2. Term of this Agreement. The term of this Agreement shall commence upon the Effective Date and shall continue until the termination of the Executive’s employment (the “Term”).

3. Duties; Scope of Employment; Compensation and Benefits.

(a) Position and Duties. As of the Effective Date, the Company shall employ the Executive in the position of Chief Commercial Officer of the Company. During the Term, the Executive will perform the Executive’s duties faithfully and to the best of the Executive’s ability, and will devote substantially all of the Executive’s business efforts and time to the Company. The Executive agrees not to actively engage in any other employment, occupation or consulting activity during the Term for any direct or indirect remuneration without the prior approval of the Board.

(b) Annual Base Salary. During the Term, the Company shall pay the Executive an Annual Base Salary of $350,000 as compensation for the Executive’s services. The Annual Base Salary amount shall be subject to review and may be adjusted based upon the Company’s normal performance review practices. The Annual Base Salary will be paid periodically in accordance with the Company’s normal payroll practices and be subject to the usual, required withholdings.

(c) Bonus. The Executive’s annual target bonus opportunity shall be 50% of the Executive’s Annual Base Salary (the “Target Bonus”). The Target Bonus amount shall be subject to review and may be adjusted based upon the Company’s normal performance review practices. The Executive’s actual annual bonus earned shall be determined based on the Executive’s performance, the achievement of target objectives for the Company, the Company Group or any business unit thereof and such other terms to be determined by the Board in its sole discretion. Any such annual bonus that is earned will be paid, less applicable withholdings, no later than the payroll period after the Board determines that such annual bonus has been earned, but in no event shall such earned annual bonus be paid after the later of (i) the fifteenth (15th) day of the third (3rd) month following the close of the Company’s fiscal year in which the annual bonus is earned or (ii) March 15 following the calendar year in which the annual bonus is earned.

(d) Employee Benefits. During the Term, the Executive and the Executive’s dependents, if applicable, shall be eligible to participate in the employee benefit plans and programs currently and hereafter sponsored by the Company on the same terms and conditions generally applicable to similarly situated executives of the Company. The Company reserves the


right to cancel or change the employee benefit plans and programs it offers to its employees at any time.

(e) Equity Plans. The Executive shall be eligible to participate in any stock option, restricted stock, stock appreciation rights, or any other equity compensation plan or program sponsored by the Company or another member of the Company Group on the terms and conditions determined by the Board in its sole discretion.

(f) Expenses. Subject to Section 7(d)(v), the Executive shall be entitled to receive prompt reimbursement for all reasonable expenses incurred by the Executive in the furtherance of or in connection with the performance of the Executive’s duties hereunder, in accordance with the applicable policy of the Company, as in effect from time to time.

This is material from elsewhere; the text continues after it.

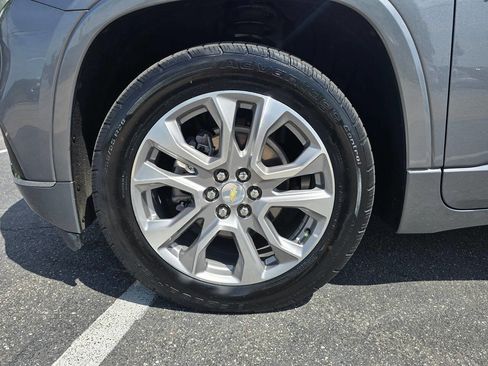 Used 2021 Chevrolet Traverse Premier image 10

(g) Paid Time Off. The Executive shall be entitled to paid time off in accordance with the Company’s paid time off policy, as in effect from time to time.

4. At-Will Employment. The parties agree that the Executive’s employment with the Company will be “at-will” employment and may be terminated at any time with or without cause or notice. The Executive understands and agrees that neither the Executive’s job performance nor promotions, commendations, bonuses, or the like from the Company give rise to or in any way serve as the basis for modification, amendment, or extension, by implication or otherwise, of the Executive’s employment with the Company. However, as described in this Agreement, the Executive may be entitled to severance benefits depending on the circumstances of the termination of the Executive’s employment with the Company.

5. Severance Benefits.

(a) Qualifying Non-CIC Termination. On a Qualifying Non-CIC Termination (as defined below), the Executive will be eligible to receive the following payments and benefits from the Company:

(i) Salary Severance. A single, lump sum payment equal to nine (9) months of the Executive’s Annual Base Salary, less applicable withholdings (if applicable, such total number of months, the “Severance Period”).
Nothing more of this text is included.